*What the task requires*
What you should copy is the line containing "Jingyuqin 10pcs 0B" and all lines after it in the entries below, exactly and without anything added.

————

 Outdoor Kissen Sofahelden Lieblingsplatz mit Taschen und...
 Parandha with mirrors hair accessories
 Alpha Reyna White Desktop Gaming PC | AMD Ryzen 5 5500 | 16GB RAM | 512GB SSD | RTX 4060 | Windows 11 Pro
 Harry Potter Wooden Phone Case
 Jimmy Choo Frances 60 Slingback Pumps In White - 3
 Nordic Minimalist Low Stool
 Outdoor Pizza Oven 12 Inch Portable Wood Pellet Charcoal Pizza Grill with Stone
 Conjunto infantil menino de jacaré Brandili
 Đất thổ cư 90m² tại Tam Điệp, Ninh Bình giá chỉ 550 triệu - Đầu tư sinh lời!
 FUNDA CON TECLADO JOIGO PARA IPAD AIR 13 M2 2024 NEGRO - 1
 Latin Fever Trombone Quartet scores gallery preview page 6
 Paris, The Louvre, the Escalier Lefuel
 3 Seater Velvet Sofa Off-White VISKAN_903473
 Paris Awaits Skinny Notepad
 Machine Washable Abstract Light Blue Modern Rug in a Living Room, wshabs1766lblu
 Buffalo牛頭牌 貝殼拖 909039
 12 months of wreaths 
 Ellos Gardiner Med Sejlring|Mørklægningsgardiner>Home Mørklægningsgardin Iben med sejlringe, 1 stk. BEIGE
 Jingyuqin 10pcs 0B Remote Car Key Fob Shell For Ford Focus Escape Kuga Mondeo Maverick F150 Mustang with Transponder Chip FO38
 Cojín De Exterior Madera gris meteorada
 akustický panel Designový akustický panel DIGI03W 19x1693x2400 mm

————

*Response to the task*
 Jingyuqin 10pcs 0B Remote Car Key Fob Shell For Ford Focus Escape Kuga Mondeo Maverick F150 Mustang with Transponder Chip FO38
 Cojín De Exterior Madera gris meteorada
 akustický panel Designový akustický panel DIGI03W 19x1693x2400 mm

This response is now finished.